Donnerstag, 20. Januar 2022

Ganz unten

 

Als er aufwachte, war es kurz vor Mitternacht. Wie lange hatte er geschlafen? Um drei Uhr nachmittags war er in einer Besprechung mit den Kollegen seiner Abteilung gewesen. Etwa eine Stunde lang, mehr nicht. Dann war er in sein Büro zurückgegangen, hatte sich an den Schreibtisch gesetzt und war irgendwann eingeschlafen, den Kopf auf seine Unterarme gebettet. Er hatte fast acht Stunden geschlafen. Jetzt war er hellwach.
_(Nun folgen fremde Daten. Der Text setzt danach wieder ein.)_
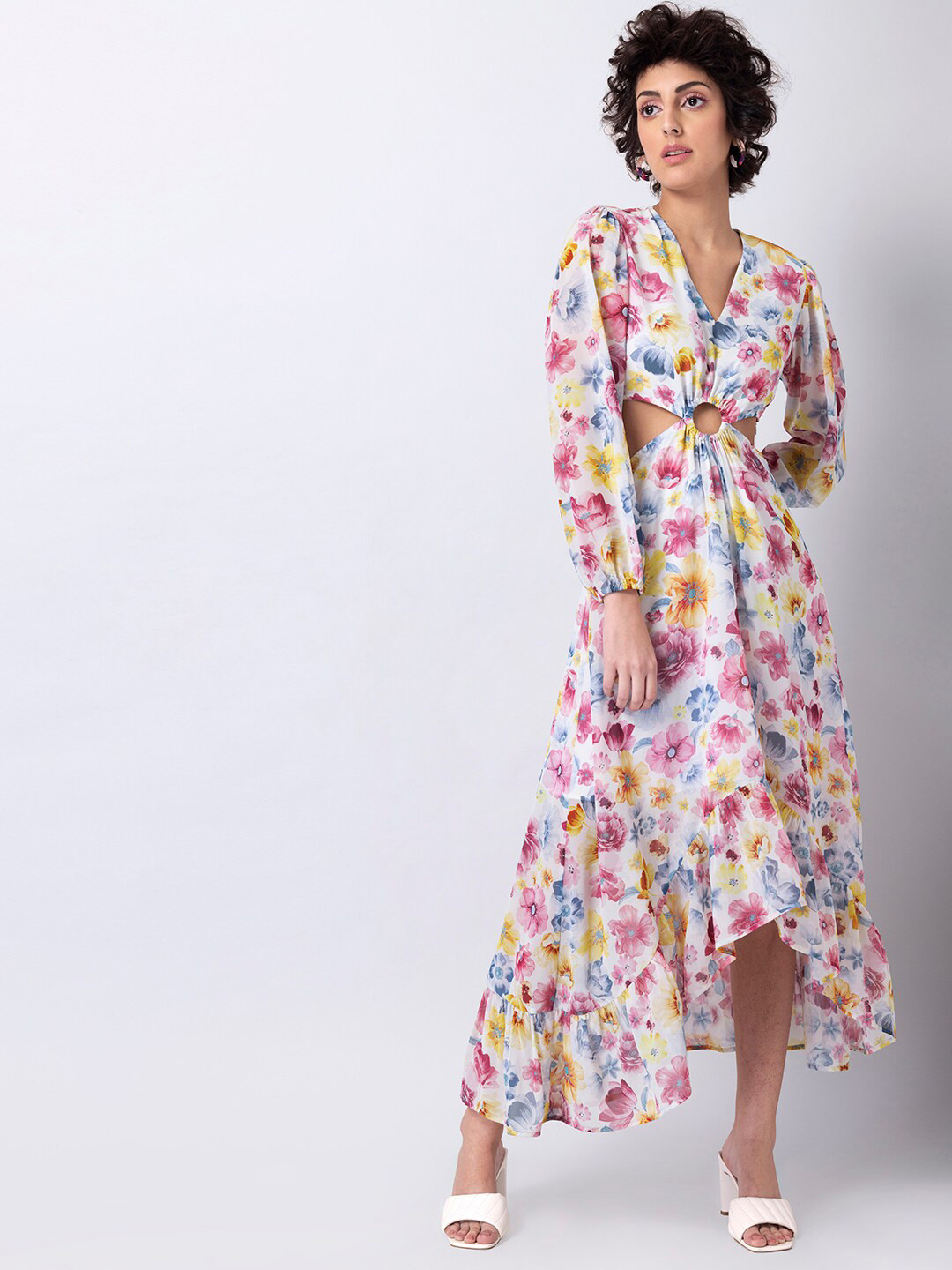 

FabAlley Women White Floral Georgette Maxi Dress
Sicher war er ganz allein im Gebäude. Ein beunruhigender Gedanke. Er war noch nie allein in dem riesigen Hochhaus gewesen. Er zog sein Jackett an und richtete seine Krawatte. Dann verließ er sein Büro und ging den Flur hinunter zu den Fahrstühlen. Er drückte den Knopf und sofort öffnete sich die Tür, als ob der Fahrstuhl auf ihn gewartet hätte. Er trat ein und drückte E für Erdgeschoss. Der Aufzug setzte sich in Bewegung.

Wie immer beobachtete er die elektronische Anzeige, die das Stockwerk anzeigte. 7, 6, 5, 4, 3, 2, 1, E. Aber der Fahrstuhl hielt nicht. Er fuhr in Richtung Keller weiter. -1, -2, -3. Er fuhr immer weiter. Bei -43 blieb er plötzlich stehen. Das konnte unmöglich sein. Das Gebäude hatte keine 43 Kellergeschosse. Das konnte nicht stimmen. Die Tür öffnete sich.

Vor im lag ein kahler Flur mit grauen Betonwänden, der nur spärlich erleuchtet war. Das Ende des Gangs war nicht zu sehen. Es gab auch keine Türen. Er blieb im Aufzug und drückte E. Aber er bewegte sich nicht. Er probierte es mehrfach. Keine Reaktion. Dann drückte er den Knopf, auf dem „Tür schließen“ stand. Wieder nichts. Nochmal „Tür schließen“. Nichts. Er drückte den Notrufknopf. Niemand meldete sich. Vielleicht war um diese Uhrzeit die Notrufzentrale nicht besetzt.

Was sollte er machen? Er stand ein paar Minuten unschlüssig im Aufzug. Die Tür blieb offen. Stille. Träumte er das alles nur? Er schlug mit der Faust gegen die Metallwand des Fahrstuhls. Es fühlte sich echt an. Er musste etwas machen. Er drückte noch einmal E, diesmal ohne Hoffnung. Nichts passierte. Dann stieg er aus.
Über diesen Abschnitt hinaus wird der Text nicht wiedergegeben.